Gold faces third weekly fall on upbeat shares, yields

Source: World Gold Council

Gold prices eased on Friday, heading for a third straight weekly fall, as positive U.S. retail sales data and hopes for a thaw in Sino-U.S. trade tensions lifted equities and yields to multi-week highs.

Spot gold fell 0.63% to $1,489.26 per ounce, and has fallen about 0.7% for the week so far. U.S. gold futures edged down 0.7% to $1,496.7 per ounce.

"With better-than-expected data along with a rise in global equity markets, we are seeing gold fall off its earlier highs. Optimism about trade has led to a bounce in global equities and lesser need for safe-haven commodities such as gold," said David Meger, director of metals trading at High Ridge Futures.
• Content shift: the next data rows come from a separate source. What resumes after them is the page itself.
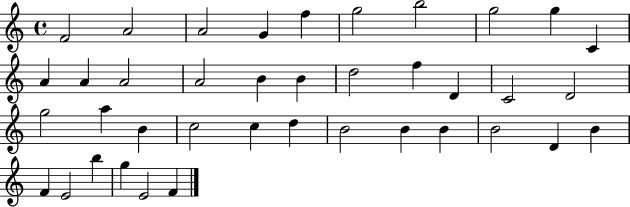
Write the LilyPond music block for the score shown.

{
  \clef treble
  \time 4/4
  \defaultTimeSignature
  \key c \major
  f'2 a'2 | a'2 g'4 f''4 | g''2 b''2 | g''2 g''4 c'4 | \break a'4 a'4 a'2 | a'2 b'4 b'4 | d''2 f''4 d'4 | c'2 d'2 | \break g''2 a''4 b'4 | c''2 c''4 d''4 | b'2 b'4 b'4 | b'2 d'4 b'4 | \break f'4 e'2 b''4 | g''4 e'2 f'4 | \bar "|."
}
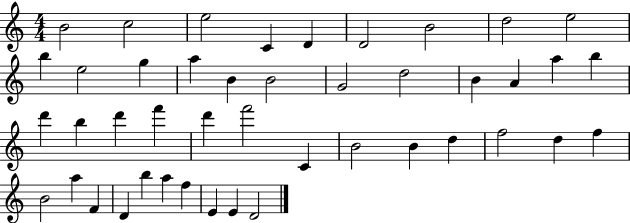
B4/h C5/h E5/h C4/q D4/q D4/h B4/h D5/h E5/h B5/q E5/h G5/q A5/q B4/q B4/h G4/h D5/h B4/q A4/q A5/q B5/q D6/q B5/q D6/q F6/q D6/q F6/h C4/q B4/h B4/q D5/q F5/h D5/q F5/q B4/h A5/q F4/q D4/q B5/q A5/q F5/q E4/q E4/q D4/h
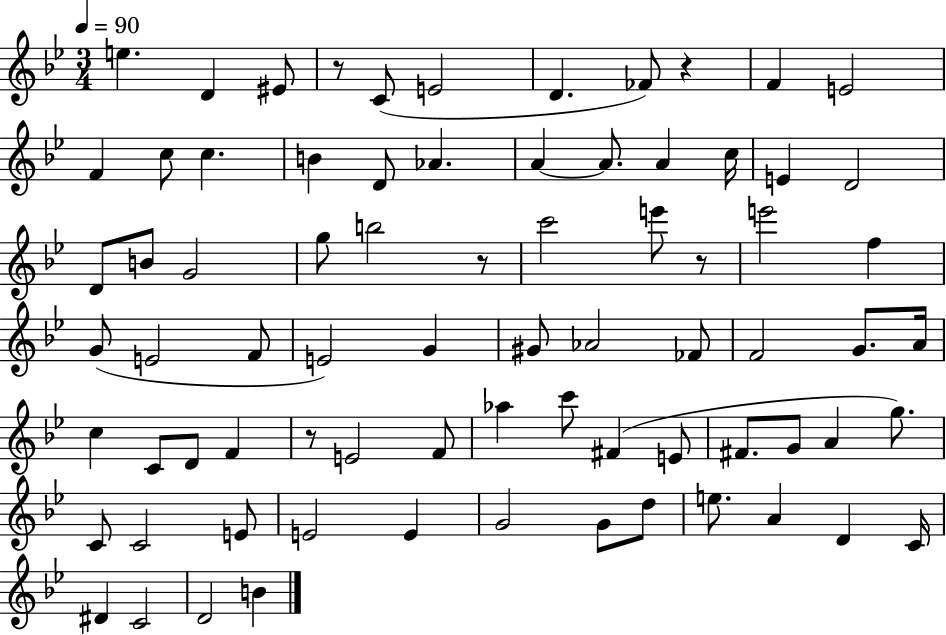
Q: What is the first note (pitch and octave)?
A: E5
"Underlying theme of global central bank easing continues to be a supportive factor for gold on the one side and you have some pressure coming from global equities and better prospects of trade."

U.S. Treasury yields rose across the board after data showed U.S. retail sales rose in August, suggesting the risk of recession in the world's largest economy continues to diminish.
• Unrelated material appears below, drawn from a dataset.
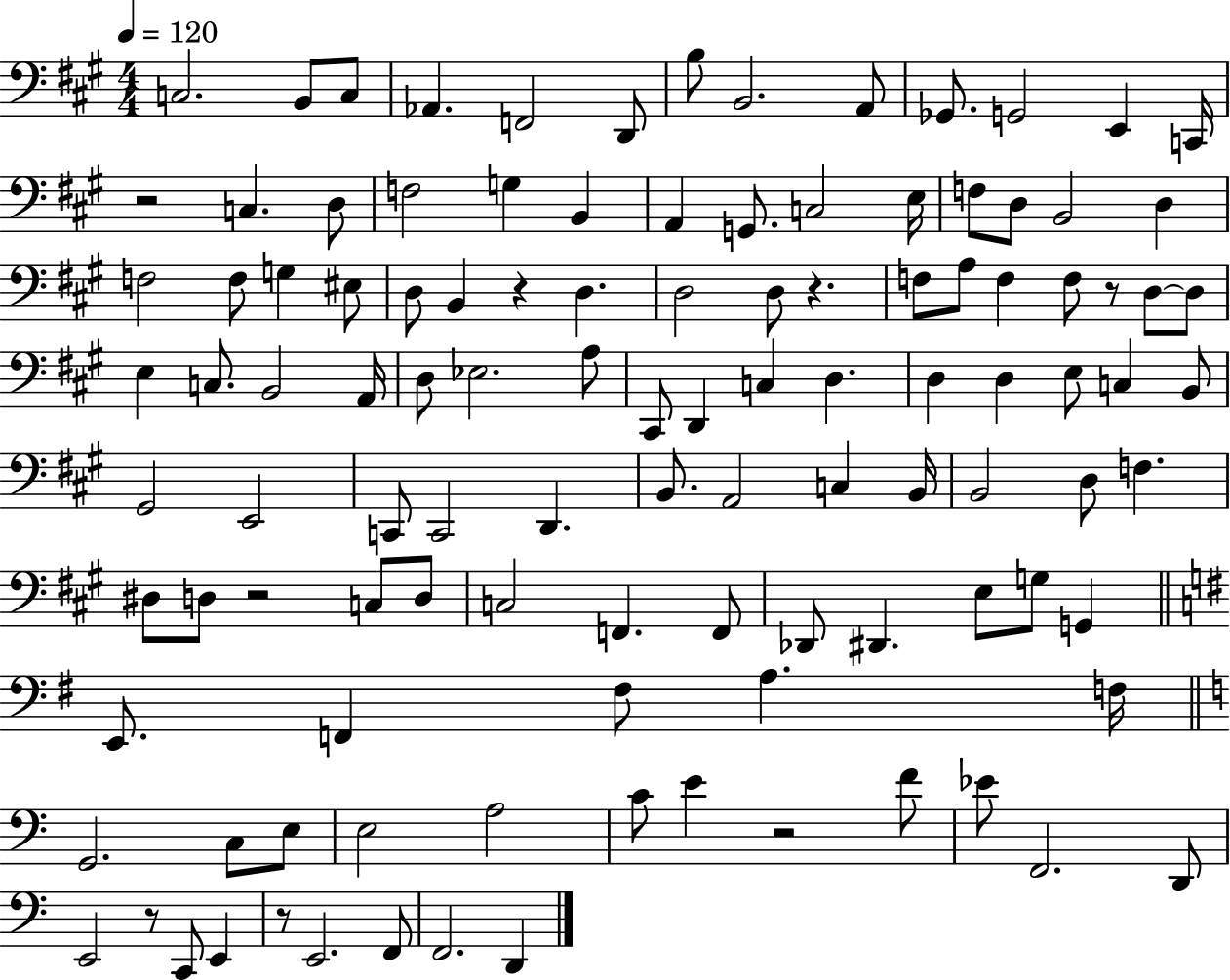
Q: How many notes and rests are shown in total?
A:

Global shares also climbed to a six-week high on further signs of progress in U.S.-China trade talks and added stimulus from the European Central Bank.

Washington and Beijing toned down signs of any previous escalation in their dispute with reconciliatory gestures from both nations, further boosting the risk appetite in markets.
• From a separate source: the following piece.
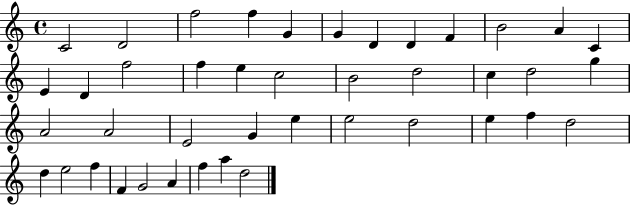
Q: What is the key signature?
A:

Investors are now awaiting the U.S. central bank meeting next week, when it is expected to cut its benchmark interest rate by at least 25 basis points for the second consecutive time.

Analysts said that dovish monetary policy adopted by global central banks along with concerns of a glut in negative-yielding government debt globally will continue to support bullion in the longer term.

"Gold is going to remain around these levels or drift higher. Gold is actually paying more than any other 30-year bond, and every small move actually pays more than bonds," said an analyst based in New York.

Elsewhere, palladium fell 1% to $1,602.19 per ounce, after hitting an all-time high of $1,621.55 on Thursday. The rally in prices of the auto-catalyst metal was due to alleviated supply concerns arising from possible labor issues in South African mines.

Palladium was up over 4% so far this week and on track for a sixth straight weekly gain.

Silver shed 1.5% to $17.83 per ounce, while platinum edged 0.2% higher to $953.14 and was on course to gain for a fourth week.